Green-Wood Cemetery in Brooklyn, praised by the Nature Conservancy for its high quality of care for trees. Eagle file photo by Lore Croghan

However, the lowest stocking rate of street trees in Brooklyn was in Brighton Beach/Coney Island/Gravesend. There were overall losses in those areas as well as Sheepshead Bay and Canarsie, since those neighborhoods were most often hit by storms. 

Within these neighborhoods, in places where the number of trees increased, it was almost certainly the result of planting after the storms, the report said. Trees in shorefront areas hit by storms are not suddenly knocked down, but are damaged little due to winds, salt water, etc.

There are several factors that contribute to the growth of trees, the Nature Conservancy said. One involves planting of new trees by low-rise homeowners, especially as deteriorating older houses are rehabilitated, or by developers of high-rises who wish to provide trees as an amenity. Another involves planting of new trees within parks themselves. 

A tree-lined street in Stuyvesant Heights, Bedford-Stuyvesant.
Eagle file photo by Raanan Geberer

Yet another involves the fact that existing trees are growing in size, both vertically and horizontally. For example, a diagram within the report, “Canopy Change within Breukelen Houses,” shows that this NYCHA development in Canarsie had a net tree-canopy gain of seven acres, both from new tree plantings and because of the growth of existing trees, providing more shade.

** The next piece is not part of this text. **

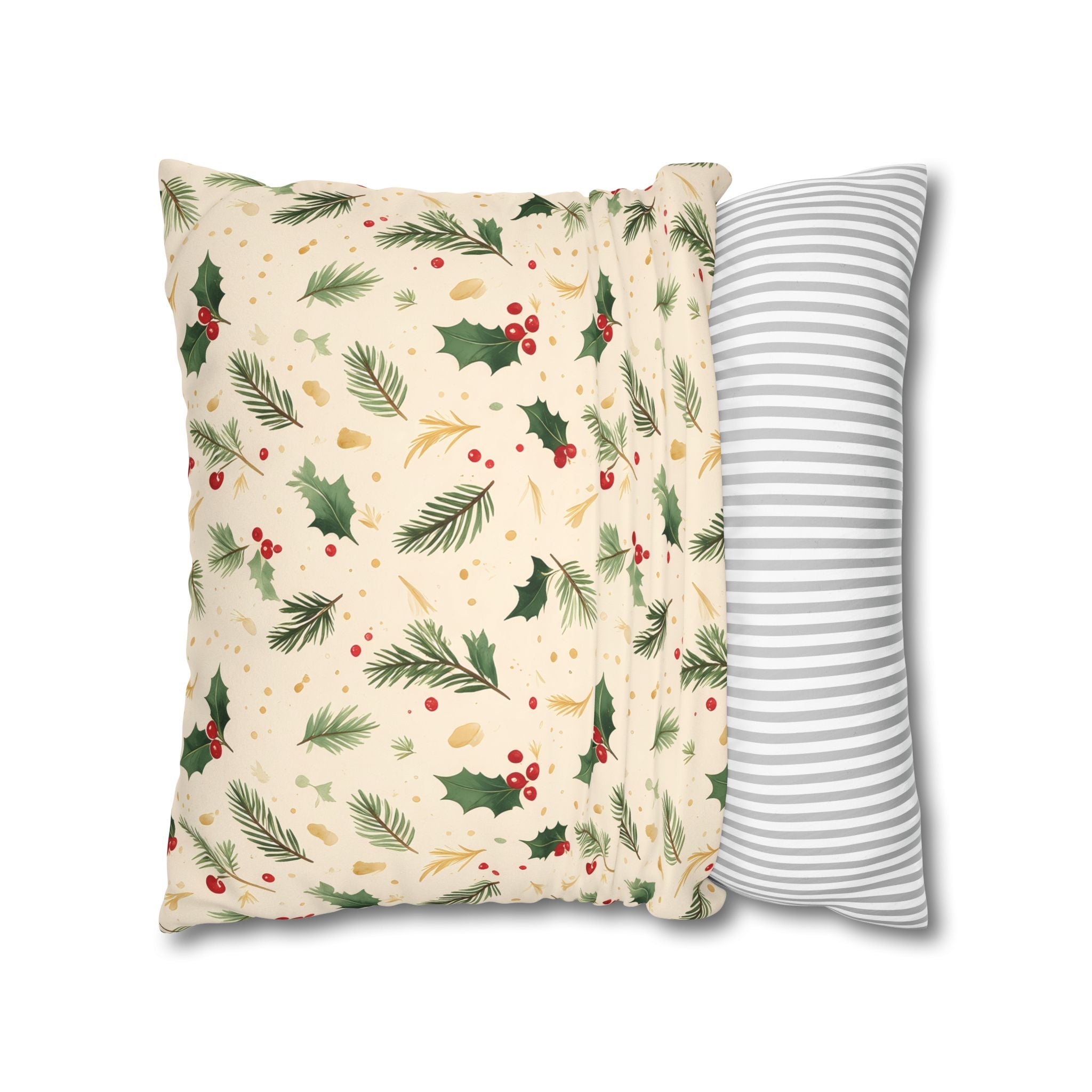 Festive Holly Berry Pillow Cover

The report also talks about groups responsible for planting and maintaining the tree canopy. These include the Parks Department itself, support groups within the parks, and private groups. 

In particular, the report singles out the Gowanus Tree Network, formed in 2018 as an effort to care for 130 trees in that particular neighborhood. One of many photos in the report also shows volunteers from the Gowanus Canal Conservancy (one of the partners in the Gowanus Tree Network) caring for a rain garden on Sixth Street near the canal.

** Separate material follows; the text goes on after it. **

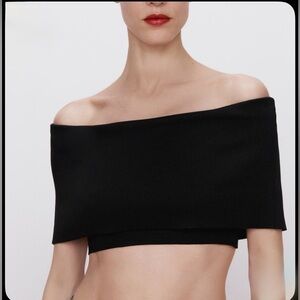 Zara Black Off-Shoulder Fold-Over Crop Top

Volunteers with the Gowanus Tree Network care for a street tree in their neighborhood. Photo courtesy of Gowanus Canal Conservancy

The Nature Conservancy, in the report, also reports approvingly about how Green-Wood Cemetery and the Brooklyn Botanic Garden foster the growth of trees. At Green-Wood Cemetery, for example, “the entire tree collection is mapped and digitized, and management is tracked through time.” In 2018, for example, 98 trees deemed unsound or in poor health were removed, and 300 new trees were planted. 

As for the Brooklyn Botanic Garden, it not only takes care of its own trees, with paid arborists on staff, but sponsors the “Greenest Block in Brooklyn,” in which neighborhood blocks compete to make their blocks greener through streetscape planting. The BBG itself has more than 100 tree and woody-plant species.